President Raúl Alfonsín (1983–1989) had a rough relationship with the Catholic Church. Before 1987, the Civil Code recognized de facto separation of husband and wife, but did not allow re-marriage. A law of divorce was approved by the Chamber of Deputies in 1986. The Catholic Church pressured the Senate to stop it, threatening to deny the sacraments to those who would vote for it. The Senate finally passed the law on 1987-06-03. During this year the relationship with the Church was also damaged by the call to a new Pedagogical Congress that led the Church to fear a cut on the state subsidies to private schools, and by legislation reforms that equalled legitimate and "natural" (illegitimate) children, which the Church considered to affect the concept of a Christian family.

President Carlos Menem (1989–1999) was linked to conservative Vatican organizations (such as the Opus Dei) and was a staunch supporter of the Church's position on abortion, for which he was awarded a special decoration by Pope John Paul II, even while he was heavily criticized by prominent bishops because of the poverty and unemployment caused by his economic measures.

President Fernando de la Rúa (1999–2001) was also a devout Catholic, and did not have major problems dealing with the Church.

The Kirchner administration

President Cristina Kirchner receives Cardinal Jorge Bergoglio, now Pope Francis, at the Casa Rosada.

President Néstor Kirchner (elected in 2003), while professing belief in the Catholic faith, has often had a troubled relationship with the hierarchy of the Church. Kirchner belongs to the center-left wing of Peronism and has placed emphasis on certain progressive views that do not go well with the Catholic Church.

Conflicts on sexual and reproductive rights

The Argentine national government passed laws and began a program to the effect of providing assistance on sex education to all citizens, including the provision of free combined oral contraceptive pills and condoms. The Church opposes artificial contraception and has placed conditions on its acceptance of sex education in schools.

At the beginning of 2005, the minister of Health, Ginés González García, made public his support for the legalization of abortion, and Kirchner's silence on the matter angered the Church. The military vicar Antonio Baseotto expressed his disgust by paraphrasing Mark 9:42 ("And whosoever shall cause one of these little ones that believe on me to stumble, it were better for him if a great millstone were hanged about his neck, and he were cast into the sea") and suggesting that González García should be given that treatment. Baseotto was heavily criticized because this "punishment" echoes the infamous vuelos de la muerte ("flights of death") whereby prisoners of the last military regime were thrown into the Atlantic from planes. The conflict escalated and caused the Argentine government to relieve Baseotto from his job as the head of the military chaplains. This prompted accusations on the part of Catholic observers (also fueled by right-wing opposition leaders and media) that such actions threatened religious freedom. The government pointed out that Baseotto is still a bishop and may celebrate Mass and perform pastoral duties wherever he chooses — he will simply not be on the payroll of the state.

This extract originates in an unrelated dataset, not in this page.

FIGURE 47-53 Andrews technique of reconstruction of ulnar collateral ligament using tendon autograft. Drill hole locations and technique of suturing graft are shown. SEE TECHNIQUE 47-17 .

President Kirchner was also criticized for not attending the funeral of Pope John Paul II (he did attend the inauguration of Pope Benedict XVI), which took place when the above conflict was still in the spotlight of the media. On the celebration of the May Revolution on 2005-05-25, Kirchner chose not to attend the Buenos Aires Te Deum but the one celebrated in the Cathedral of Santiago del Estero, where other public celebrations of the day were also moved. This absence of the President did not go unnoticed (it was the first such occasion in 175 years), but the government denied a political intention behind it, except the need to "federalize" the celebration.

In October 2005 conflict erupted again as the Argentine Chamber of Deputies took steps to pass a Sex Education Law that would encompass the whole school system (public and private, including confessional schools), forcing educational establishments to teach students about gender roles and contraception, among other topics. The Archbishop of La Plata, Héctor Aguer, accused the state of "promoting sexual corruption" and "inciting fornication, lust and promiscuity", denouncing that 11- and 12-year old students in a school already implementing a sex education curriculum had received condoms and contraceptive pills. Upon being termed a "fanatic" by the former Minister González García, Aguer replied that the Minister was "intolerant and a fundamentalist" with regards to his views. The Permanent Secretariat for the Family, an organ of the Argentine Episcopal Conference, passed a declaration asking the representatives of the people not to approve sex education law projects "already rejected by the Argentinians". Soon afterwards, on 6 November, the Archbishop of Resistencia, Carmelo Giaquinta, entered the conflict by warning that the state would "lose its reason for existence" if it promoted such laws in the fields of health and education, and announced that he would "encourage Christians to civil disobedience" in that case.

In 2010 Argentina became the third Catholic country to legalize same-sex marriage despite heavy criticism and protests that turned violent between supporters of the traditional Church and advocates of homosexual rights.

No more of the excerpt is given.